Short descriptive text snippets
%%
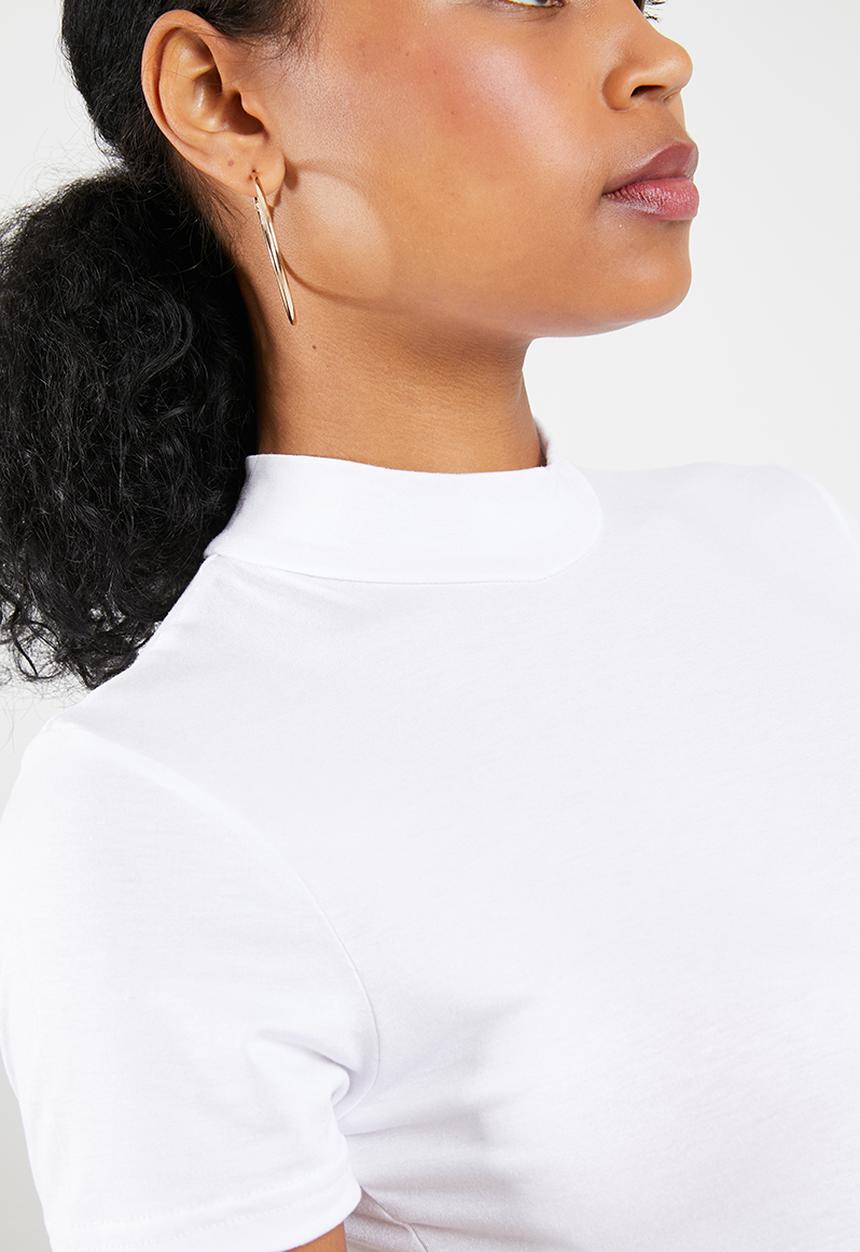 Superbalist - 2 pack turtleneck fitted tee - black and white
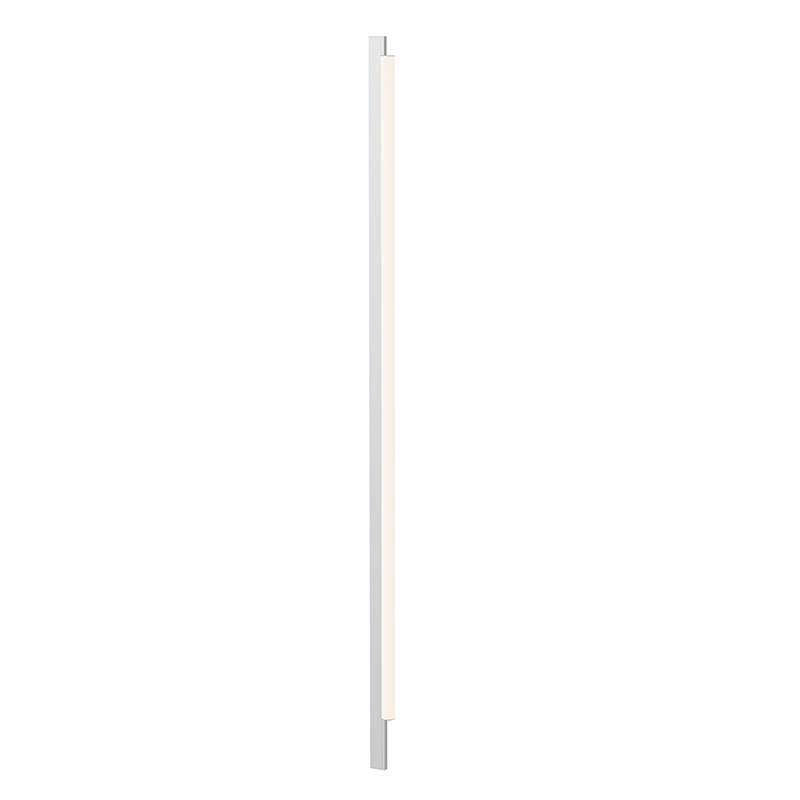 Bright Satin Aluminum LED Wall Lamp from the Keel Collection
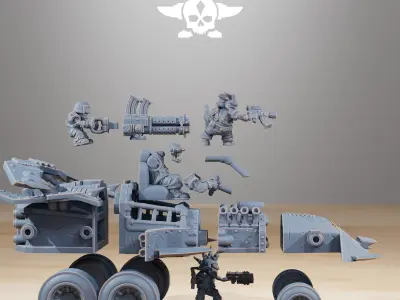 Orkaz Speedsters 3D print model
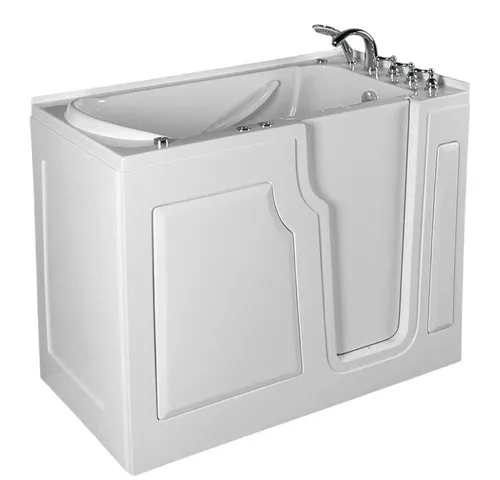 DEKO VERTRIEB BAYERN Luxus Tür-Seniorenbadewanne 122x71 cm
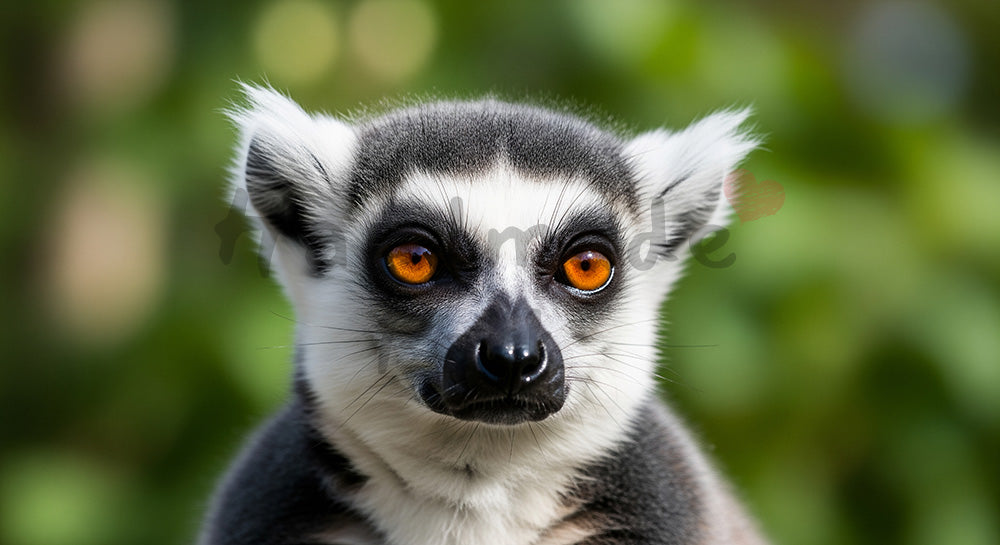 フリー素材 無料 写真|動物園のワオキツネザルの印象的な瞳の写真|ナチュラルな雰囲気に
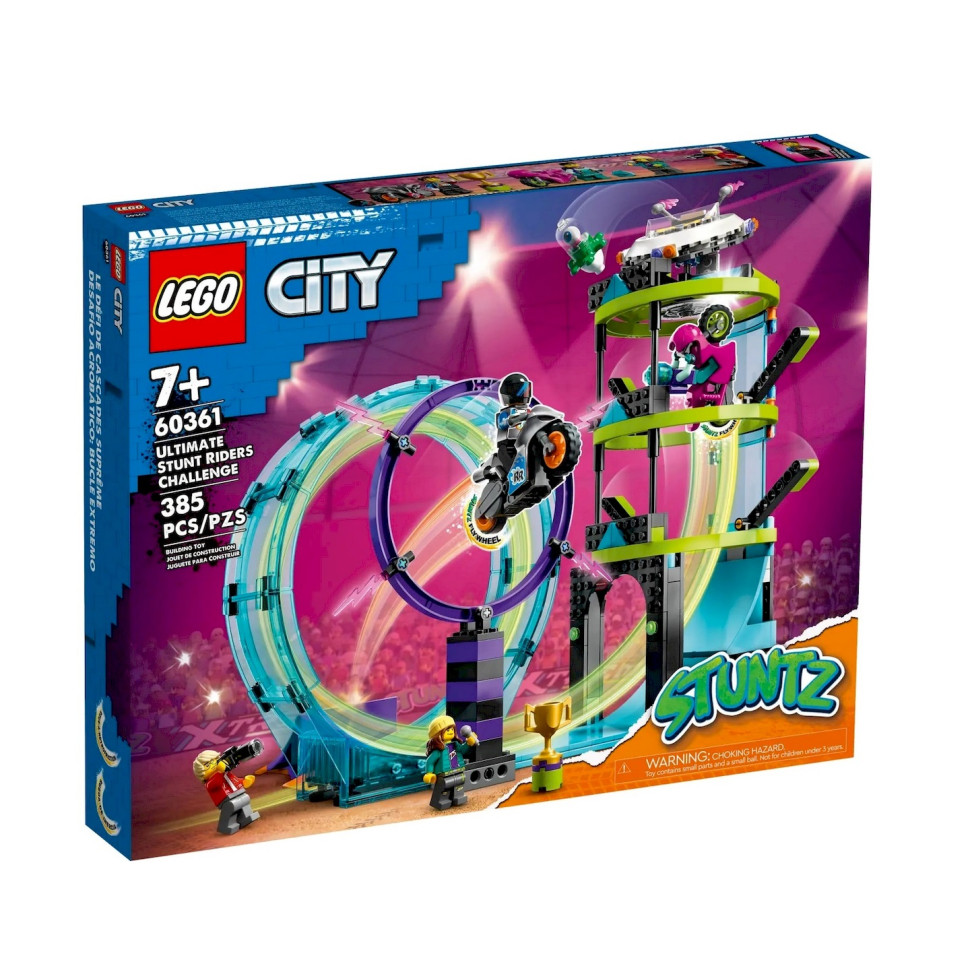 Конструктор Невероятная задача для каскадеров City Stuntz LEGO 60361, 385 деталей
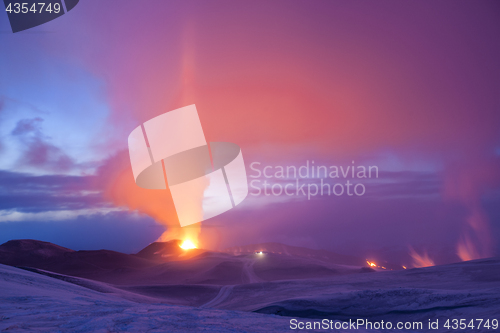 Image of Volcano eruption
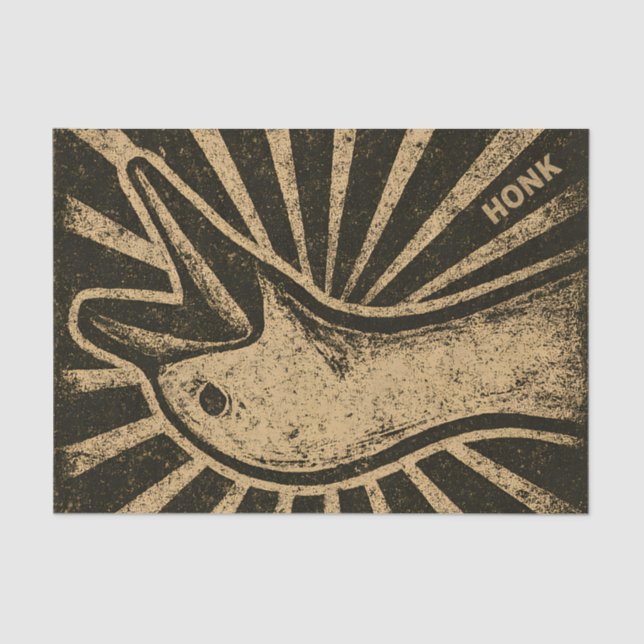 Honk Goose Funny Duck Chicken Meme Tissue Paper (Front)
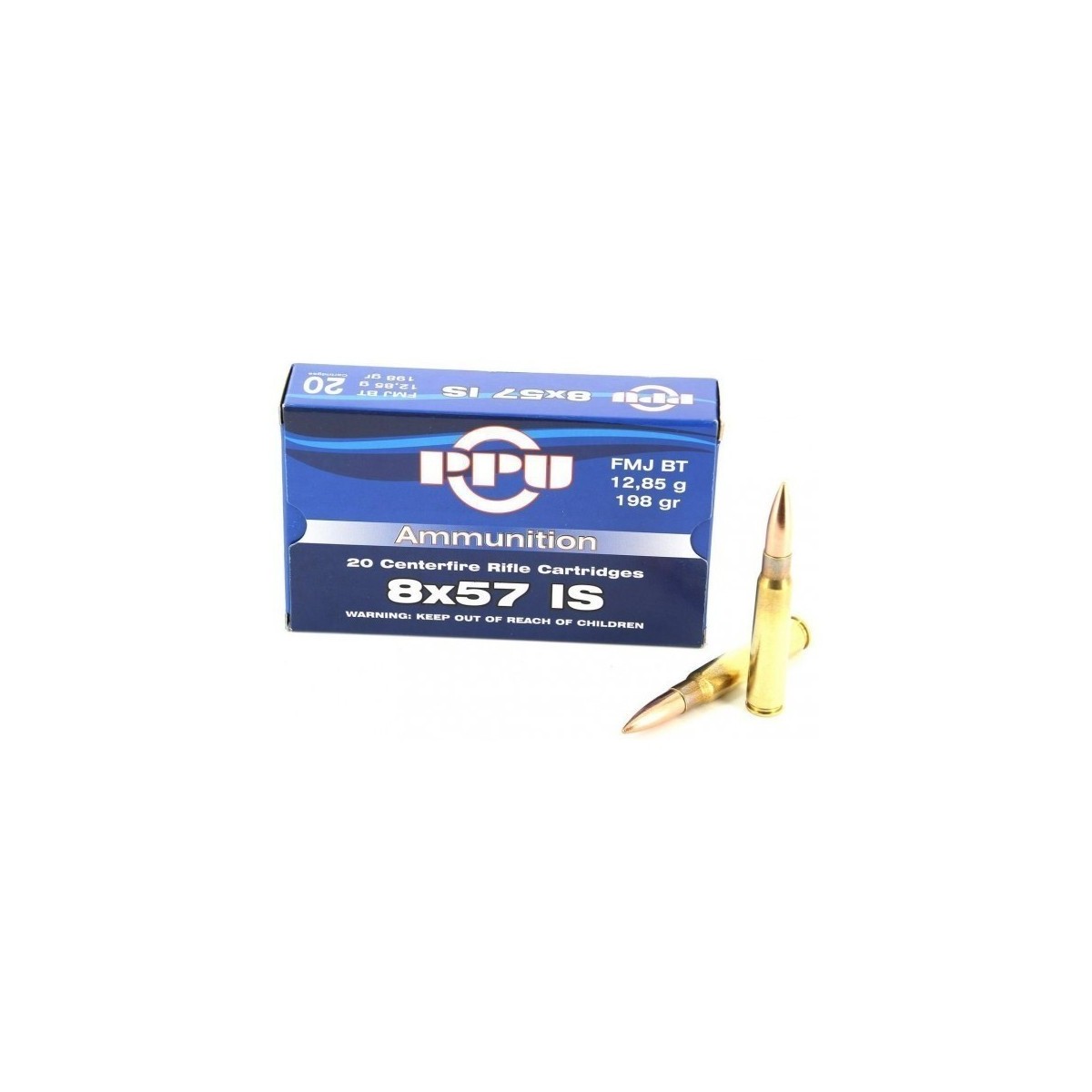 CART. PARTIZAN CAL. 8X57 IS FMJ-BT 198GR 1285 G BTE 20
%%
Print, without pictures, exactly the lines from the one containing "Honk Goose Funny" through the final line of the records above.

 Honk Goose Funny Duck Chicken Meme Tissue Paper (Front)
 CART. PARTIZAN CAL. 8X57 IS FMJ-BT 198GR 1285 G BTE 20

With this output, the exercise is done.